Try to detect the basketball, you will get a bounding box and will be able to calculate the center of this box. Then, calculate the distance between the center of your image and the center of the bounding box. If it is above a defined range, move the camera to the position of the ball but:
May be not efficient since the basketball is bouncing, with football it’s easier because the ball is just rolling over two axes
The ball may not be detected because of its size
Try to detect all the players and then calculate if the percentage of 10 is above a defined number. Like if 7 or 8 players are at a position, it probably means that the game takes place there. Then, with all the players boxes you should be able to calculate a global center of all there positions, and move the camera to this point but:
Again the players can be not detected since they somtimes overlap
If you chose this approach, I advise you to take only basketball players (the outfit) for the detection model, otherwise the public may be detected too.
The camera will need a large view or at least, not being zoomed into the players.

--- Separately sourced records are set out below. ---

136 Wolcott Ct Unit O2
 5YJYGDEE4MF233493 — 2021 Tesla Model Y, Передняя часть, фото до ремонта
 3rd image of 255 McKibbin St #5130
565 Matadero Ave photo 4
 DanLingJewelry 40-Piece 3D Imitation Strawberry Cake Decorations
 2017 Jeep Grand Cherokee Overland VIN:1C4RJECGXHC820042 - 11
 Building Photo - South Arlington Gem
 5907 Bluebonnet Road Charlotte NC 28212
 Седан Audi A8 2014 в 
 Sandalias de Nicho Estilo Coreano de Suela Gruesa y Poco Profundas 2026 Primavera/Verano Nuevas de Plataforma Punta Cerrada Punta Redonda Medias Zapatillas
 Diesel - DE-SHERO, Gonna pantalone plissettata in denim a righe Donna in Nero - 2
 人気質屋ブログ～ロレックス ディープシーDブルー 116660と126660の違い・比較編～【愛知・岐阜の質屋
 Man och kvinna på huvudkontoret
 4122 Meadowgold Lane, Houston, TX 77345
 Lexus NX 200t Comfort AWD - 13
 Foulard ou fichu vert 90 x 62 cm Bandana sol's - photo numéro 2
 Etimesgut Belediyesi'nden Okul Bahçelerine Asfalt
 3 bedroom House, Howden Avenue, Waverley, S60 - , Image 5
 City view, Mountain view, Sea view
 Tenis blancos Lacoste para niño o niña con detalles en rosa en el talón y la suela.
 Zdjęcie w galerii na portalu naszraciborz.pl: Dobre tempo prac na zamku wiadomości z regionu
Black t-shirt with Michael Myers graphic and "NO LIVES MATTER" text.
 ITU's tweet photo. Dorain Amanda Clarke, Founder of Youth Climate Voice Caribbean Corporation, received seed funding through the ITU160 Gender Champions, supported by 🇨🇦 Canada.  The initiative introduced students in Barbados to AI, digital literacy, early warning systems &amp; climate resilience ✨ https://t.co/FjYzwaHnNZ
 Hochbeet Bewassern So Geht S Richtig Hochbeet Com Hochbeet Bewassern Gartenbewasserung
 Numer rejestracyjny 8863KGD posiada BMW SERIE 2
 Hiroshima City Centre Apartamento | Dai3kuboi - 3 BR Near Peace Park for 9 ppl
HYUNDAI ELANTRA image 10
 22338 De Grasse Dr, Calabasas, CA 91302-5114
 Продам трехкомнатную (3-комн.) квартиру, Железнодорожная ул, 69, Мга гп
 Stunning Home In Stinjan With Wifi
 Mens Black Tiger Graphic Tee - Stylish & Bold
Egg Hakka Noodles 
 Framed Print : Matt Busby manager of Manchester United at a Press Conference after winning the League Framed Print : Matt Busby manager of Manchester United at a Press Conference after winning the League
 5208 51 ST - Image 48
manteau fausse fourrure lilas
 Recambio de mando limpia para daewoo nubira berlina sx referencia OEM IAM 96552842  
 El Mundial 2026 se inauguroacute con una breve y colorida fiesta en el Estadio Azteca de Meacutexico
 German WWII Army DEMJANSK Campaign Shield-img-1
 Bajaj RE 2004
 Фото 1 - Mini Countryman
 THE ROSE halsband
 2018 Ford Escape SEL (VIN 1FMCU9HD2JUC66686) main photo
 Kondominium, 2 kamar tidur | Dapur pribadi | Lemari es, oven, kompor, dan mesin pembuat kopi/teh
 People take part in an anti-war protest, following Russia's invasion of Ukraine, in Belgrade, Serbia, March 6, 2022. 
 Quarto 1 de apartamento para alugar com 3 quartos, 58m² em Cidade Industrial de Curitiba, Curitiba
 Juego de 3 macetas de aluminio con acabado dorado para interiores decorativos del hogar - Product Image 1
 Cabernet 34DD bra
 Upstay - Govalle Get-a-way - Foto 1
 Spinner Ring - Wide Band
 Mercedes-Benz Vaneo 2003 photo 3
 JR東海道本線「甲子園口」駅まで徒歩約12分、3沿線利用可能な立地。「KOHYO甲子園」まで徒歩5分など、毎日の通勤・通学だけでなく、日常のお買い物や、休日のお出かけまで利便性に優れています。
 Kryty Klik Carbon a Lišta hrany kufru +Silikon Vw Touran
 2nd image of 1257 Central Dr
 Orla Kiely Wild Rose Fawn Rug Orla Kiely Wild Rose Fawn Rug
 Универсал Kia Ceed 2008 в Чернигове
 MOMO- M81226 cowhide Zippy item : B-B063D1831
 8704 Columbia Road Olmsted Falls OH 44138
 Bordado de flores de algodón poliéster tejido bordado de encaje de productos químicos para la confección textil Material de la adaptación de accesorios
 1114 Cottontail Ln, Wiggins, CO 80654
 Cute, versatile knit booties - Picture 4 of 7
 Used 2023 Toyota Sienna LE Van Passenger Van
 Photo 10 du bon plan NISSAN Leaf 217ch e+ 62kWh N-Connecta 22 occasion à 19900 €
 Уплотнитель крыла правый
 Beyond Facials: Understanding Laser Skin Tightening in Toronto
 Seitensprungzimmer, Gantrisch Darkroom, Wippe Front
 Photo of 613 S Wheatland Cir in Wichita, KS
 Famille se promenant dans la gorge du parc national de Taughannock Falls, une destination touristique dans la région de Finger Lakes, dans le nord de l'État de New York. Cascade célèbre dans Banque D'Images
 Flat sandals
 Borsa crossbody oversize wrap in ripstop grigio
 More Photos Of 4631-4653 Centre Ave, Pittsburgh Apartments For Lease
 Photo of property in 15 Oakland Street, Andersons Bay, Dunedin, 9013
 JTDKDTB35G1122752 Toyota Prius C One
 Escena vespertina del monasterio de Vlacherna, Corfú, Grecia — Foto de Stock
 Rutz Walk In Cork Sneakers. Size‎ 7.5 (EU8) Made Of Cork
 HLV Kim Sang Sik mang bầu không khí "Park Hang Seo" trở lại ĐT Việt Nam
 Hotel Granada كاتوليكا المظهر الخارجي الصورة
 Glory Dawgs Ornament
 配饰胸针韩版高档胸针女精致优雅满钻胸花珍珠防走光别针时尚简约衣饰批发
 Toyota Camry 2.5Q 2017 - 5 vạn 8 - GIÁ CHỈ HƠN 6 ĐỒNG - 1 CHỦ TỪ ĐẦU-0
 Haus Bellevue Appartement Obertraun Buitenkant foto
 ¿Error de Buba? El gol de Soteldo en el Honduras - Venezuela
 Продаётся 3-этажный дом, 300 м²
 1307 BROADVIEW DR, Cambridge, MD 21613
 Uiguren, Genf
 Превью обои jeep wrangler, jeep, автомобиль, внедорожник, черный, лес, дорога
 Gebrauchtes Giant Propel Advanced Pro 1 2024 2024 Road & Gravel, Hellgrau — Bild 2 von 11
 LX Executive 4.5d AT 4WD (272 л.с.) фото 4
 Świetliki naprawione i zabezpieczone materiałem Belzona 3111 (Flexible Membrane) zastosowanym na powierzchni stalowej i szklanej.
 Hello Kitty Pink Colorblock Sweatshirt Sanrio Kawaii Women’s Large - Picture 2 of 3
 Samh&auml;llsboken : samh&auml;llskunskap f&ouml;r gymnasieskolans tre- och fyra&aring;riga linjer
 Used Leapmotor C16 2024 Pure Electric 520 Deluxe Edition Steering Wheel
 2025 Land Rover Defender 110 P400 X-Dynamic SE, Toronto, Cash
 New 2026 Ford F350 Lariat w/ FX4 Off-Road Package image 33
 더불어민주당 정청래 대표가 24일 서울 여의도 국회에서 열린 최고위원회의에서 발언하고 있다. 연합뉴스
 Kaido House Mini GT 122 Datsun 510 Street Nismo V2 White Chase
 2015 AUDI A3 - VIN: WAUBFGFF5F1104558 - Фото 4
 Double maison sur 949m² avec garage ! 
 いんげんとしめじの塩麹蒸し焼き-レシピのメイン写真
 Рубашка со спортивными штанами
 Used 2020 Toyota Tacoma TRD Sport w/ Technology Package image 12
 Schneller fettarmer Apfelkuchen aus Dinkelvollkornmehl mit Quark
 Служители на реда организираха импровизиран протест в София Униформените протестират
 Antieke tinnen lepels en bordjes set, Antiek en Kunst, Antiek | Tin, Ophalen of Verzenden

But your camera is only panning so it should be easier, and so the calcul position can be done only on the horizontal axis too
Also, you can combine the two ideas but they may need a large calculation power.
I also know that some datasets provides action models, like “hitting a ball”, “playing something” so it maybe an alternative of the player detection.
I am puzzled as to why you posed this as an either-or question.
it’s not a choice between two options.
the first is a fact.
the second is something you can do, if you need it.
the cartesian and polar representations of a vector represent the same vector. you decide what representation you need, and then you convert or you don’t.